Estoy lavando ropa en la piletita. Una araña se enrosca y se desenrosca en su tela, se abre, es temible, la espío mientras el agua fría y escasa va cayendo sobre la tela estrujada, sobre mi piel que se paspará, sobre el pórtland rugoso y gastado de la pileta, sobre el aire que traspasa hasta llegar al agujero de la rejilla y se escurre musicalmente. Lavo la ropa, le quito la suciedad del mundo, del cuerpo, los recuerdos, las formas que mis codos, mis rodillas, mis senos le dejaron, la retuerzo y los infinitos hilos del entramado de algodón forman ángulos, dobleces, ondulaciones, forman una inaguantable desproporción con la naturaleza.
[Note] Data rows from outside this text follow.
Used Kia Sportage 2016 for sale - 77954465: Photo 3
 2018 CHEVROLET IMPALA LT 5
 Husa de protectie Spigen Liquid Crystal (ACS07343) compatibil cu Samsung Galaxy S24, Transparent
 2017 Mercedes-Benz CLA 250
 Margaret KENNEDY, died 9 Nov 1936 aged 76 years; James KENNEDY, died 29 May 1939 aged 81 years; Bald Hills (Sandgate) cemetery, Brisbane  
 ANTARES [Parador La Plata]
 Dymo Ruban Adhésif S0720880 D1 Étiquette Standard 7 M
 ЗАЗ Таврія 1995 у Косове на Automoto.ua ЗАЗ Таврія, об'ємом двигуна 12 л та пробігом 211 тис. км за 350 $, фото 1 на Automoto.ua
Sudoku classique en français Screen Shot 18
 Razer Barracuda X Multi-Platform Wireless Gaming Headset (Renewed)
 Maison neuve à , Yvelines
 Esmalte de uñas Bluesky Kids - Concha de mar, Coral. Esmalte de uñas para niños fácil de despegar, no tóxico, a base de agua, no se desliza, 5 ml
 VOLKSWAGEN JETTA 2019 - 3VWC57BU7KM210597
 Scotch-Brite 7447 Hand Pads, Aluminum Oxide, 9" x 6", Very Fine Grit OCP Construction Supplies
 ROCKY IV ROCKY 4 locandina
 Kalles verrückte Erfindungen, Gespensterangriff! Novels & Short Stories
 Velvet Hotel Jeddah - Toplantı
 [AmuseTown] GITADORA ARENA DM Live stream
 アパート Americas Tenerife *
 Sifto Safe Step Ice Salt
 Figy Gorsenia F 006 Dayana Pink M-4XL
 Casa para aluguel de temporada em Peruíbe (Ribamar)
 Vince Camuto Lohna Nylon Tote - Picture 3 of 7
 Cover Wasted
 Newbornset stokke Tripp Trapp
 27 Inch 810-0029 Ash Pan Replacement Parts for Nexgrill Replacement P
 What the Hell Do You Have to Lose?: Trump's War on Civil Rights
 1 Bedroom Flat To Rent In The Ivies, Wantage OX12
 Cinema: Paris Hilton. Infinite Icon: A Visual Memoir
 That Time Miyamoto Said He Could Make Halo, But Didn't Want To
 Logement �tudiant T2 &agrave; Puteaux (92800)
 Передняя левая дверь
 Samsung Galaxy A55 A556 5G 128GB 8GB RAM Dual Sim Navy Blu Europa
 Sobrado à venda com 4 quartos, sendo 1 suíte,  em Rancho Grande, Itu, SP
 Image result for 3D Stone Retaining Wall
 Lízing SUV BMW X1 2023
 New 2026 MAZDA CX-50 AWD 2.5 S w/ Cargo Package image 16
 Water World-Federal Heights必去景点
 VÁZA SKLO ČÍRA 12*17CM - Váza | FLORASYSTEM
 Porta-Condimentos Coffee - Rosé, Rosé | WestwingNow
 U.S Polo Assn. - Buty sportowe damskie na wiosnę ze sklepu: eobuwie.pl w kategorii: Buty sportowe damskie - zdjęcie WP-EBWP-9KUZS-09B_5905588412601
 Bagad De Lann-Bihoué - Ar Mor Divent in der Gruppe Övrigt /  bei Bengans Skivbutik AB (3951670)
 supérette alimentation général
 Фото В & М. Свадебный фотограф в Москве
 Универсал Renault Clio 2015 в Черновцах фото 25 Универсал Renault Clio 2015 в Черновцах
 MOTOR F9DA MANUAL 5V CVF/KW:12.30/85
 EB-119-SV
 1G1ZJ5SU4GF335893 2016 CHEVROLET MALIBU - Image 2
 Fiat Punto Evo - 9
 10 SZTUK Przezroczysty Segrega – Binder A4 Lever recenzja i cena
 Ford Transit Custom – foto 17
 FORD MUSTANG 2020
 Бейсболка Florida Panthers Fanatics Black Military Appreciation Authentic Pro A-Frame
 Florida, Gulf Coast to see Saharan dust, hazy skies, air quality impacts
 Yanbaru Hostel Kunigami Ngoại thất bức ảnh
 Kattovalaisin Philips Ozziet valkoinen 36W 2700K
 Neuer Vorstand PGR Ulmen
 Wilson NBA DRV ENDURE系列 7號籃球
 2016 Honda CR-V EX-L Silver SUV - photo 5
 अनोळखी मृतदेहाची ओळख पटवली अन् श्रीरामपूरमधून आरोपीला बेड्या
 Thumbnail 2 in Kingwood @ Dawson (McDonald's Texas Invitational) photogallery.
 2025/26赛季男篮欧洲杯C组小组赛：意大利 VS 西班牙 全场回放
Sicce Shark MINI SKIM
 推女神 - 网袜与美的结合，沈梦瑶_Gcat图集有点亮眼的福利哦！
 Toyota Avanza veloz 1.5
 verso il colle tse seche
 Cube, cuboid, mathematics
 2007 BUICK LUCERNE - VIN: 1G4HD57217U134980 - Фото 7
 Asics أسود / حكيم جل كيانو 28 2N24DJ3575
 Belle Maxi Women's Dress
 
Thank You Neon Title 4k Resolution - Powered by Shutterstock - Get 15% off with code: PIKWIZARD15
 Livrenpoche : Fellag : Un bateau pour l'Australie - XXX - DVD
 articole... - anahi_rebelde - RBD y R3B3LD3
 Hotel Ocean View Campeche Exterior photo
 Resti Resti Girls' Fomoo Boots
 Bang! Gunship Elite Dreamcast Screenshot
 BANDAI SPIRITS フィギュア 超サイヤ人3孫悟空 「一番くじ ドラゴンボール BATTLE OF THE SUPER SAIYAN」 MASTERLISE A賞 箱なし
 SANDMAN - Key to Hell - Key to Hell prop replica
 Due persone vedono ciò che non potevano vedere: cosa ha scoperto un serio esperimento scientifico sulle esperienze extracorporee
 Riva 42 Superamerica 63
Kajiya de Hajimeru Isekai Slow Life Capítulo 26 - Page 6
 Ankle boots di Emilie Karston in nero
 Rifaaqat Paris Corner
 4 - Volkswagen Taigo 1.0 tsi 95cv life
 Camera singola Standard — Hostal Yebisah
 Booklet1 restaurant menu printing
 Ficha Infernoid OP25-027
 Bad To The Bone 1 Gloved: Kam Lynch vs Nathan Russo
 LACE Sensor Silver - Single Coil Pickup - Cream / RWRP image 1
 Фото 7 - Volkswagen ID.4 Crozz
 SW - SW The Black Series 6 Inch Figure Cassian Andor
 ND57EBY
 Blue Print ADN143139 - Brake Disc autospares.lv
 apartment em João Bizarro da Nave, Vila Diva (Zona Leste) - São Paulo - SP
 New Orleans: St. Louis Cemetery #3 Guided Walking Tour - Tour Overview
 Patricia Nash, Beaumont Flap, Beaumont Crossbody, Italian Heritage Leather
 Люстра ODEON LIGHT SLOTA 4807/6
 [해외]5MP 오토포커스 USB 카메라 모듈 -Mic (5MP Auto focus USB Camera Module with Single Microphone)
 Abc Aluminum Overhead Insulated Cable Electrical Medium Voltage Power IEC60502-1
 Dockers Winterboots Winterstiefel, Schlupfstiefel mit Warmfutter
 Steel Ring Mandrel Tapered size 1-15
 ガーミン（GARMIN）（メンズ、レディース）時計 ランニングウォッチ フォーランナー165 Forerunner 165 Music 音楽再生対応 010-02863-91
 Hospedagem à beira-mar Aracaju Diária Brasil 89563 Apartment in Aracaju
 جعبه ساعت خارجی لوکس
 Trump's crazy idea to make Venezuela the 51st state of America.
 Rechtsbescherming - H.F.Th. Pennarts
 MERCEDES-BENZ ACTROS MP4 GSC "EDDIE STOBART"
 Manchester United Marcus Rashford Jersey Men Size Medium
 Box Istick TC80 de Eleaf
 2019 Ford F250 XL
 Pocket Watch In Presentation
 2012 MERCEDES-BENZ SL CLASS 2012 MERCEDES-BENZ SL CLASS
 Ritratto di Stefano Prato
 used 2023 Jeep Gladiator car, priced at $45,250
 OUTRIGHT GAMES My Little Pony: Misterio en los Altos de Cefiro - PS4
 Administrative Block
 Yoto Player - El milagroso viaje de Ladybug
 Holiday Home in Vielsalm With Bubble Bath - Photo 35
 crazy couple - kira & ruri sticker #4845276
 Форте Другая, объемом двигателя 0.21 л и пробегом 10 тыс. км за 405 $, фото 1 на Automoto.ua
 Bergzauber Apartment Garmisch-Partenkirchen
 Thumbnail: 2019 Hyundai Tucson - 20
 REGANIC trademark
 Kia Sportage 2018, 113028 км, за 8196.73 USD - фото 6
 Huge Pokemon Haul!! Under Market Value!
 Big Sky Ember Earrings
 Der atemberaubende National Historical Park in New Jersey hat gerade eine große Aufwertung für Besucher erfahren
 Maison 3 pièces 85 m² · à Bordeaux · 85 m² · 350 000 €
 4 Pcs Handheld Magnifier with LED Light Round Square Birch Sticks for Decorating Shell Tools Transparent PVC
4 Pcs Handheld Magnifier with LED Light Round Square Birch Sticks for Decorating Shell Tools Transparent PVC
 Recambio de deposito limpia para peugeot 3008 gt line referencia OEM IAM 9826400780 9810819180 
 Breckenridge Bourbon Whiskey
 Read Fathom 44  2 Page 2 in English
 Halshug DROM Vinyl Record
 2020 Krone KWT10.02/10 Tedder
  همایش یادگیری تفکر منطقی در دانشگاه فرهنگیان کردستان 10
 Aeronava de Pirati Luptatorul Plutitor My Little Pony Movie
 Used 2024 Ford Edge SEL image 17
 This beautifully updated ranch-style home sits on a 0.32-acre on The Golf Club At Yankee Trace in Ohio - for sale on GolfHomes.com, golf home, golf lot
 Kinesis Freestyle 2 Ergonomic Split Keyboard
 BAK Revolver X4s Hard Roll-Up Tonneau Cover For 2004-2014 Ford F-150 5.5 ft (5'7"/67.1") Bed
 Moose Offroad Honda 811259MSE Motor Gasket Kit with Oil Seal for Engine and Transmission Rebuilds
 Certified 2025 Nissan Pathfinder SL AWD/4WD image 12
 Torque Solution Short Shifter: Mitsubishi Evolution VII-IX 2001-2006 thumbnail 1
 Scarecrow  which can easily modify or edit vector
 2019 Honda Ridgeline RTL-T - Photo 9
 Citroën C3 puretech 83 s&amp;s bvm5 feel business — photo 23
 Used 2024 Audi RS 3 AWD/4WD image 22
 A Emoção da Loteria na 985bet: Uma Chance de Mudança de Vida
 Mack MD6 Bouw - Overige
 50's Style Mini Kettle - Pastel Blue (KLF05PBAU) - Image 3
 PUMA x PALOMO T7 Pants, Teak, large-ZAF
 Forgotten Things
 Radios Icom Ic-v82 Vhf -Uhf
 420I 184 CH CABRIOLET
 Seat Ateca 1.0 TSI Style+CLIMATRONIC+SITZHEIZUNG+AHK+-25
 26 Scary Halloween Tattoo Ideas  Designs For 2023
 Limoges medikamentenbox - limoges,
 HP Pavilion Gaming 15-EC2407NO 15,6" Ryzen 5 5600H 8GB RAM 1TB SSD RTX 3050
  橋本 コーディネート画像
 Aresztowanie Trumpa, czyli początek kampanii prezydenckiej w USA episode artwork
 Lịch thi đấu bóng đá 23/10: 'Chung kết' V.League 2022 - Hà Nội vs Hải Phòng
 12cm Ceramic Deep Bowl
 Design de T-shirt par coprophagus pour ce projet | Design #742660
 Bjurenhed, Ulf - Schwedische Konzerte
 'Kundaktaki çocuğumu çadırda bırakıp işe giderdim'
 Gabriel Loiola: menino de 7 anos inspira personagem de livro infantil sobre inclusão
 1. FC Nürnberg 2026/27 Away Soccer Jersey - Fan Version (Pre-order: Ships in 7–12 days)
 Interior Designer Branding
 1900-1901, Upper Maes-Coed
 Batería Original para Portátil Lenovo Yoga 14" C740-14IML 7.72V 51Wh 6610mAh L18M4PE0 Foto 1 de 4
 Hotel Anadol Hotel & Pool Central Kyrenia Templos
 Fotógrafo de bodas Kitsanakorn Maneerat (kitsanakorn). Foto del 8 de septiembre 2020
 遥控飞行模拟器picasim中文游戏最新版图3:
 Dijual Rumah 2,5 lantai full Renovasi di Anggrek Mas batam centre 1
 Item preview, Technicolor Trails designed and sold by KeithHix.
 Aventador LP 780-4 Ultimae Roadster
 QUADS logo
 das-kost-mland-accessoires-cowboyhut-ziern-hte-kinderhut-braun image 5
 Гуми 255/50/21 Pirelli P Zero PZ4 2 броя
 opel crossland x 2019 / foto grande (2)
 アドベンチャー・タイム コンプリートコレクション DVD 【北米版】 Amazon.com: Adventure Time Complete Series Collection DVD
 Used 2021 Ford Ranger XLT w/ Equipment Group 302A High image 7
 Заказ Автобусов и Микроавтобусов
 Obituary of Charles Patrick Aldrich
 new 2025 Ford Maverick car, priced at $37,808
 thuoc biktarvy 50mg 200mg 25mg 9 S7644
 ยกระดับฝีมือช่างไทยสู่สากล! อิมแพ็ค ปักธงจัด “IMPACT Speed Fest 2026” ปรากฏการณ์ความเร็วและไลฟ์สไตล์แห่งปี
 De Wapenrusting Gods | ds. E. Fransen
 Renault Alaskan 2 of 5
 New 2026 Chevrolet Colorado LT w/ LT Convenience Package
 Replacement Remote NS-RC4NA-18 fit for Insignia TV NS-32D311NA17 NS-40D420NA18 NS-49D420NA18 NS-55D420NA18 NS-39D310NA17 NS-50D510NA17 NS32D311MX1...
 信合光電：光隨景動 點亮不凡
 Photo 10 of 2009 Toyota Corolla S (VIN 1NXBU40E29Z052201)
Enjuago, enjuago, enjuago, ya nada queda de lo que dejó mi cuerpo sobre la ropa, el agua lava, bautiza de nuevo, el agua estira, estira, llueve sobre mi ropa, el agua se escurre por todas partes y una araña enorme y negra que tiene el tamaño de mi mano abierta, imita en la intemperie del aire los descuartizamientos de esta ropa mojada que estrujo una vez más, mis manos se cierran para retorcerla, mis ojos se achican para acompañar su tamaño. Hago desaparecer la forma de mi cuerpo en mis manos y la araña pendula, arañosa y negra la araña. Mientras tanto se precipitan, suben y bajan los pájaros de alas dientudas por el cielo, y la araña y yo aquí estamos, silenciosas, retorciendo lo que queda de nosotras y el agua cae y se escurre y se precipita hacia un fondo que soy incapaz de imaginar. El agua, los pájaros, la araña, yo. Mi ropa estirada en el aire chorreando agua. Agua. No muy lejos, a orillas del río, otras mujeres con los pies en el agua golpean ropa mojada contra las piedras. Golpean y golpean. Ese golpeteo intenso, perturbador, resuena en la boca de mi estómago.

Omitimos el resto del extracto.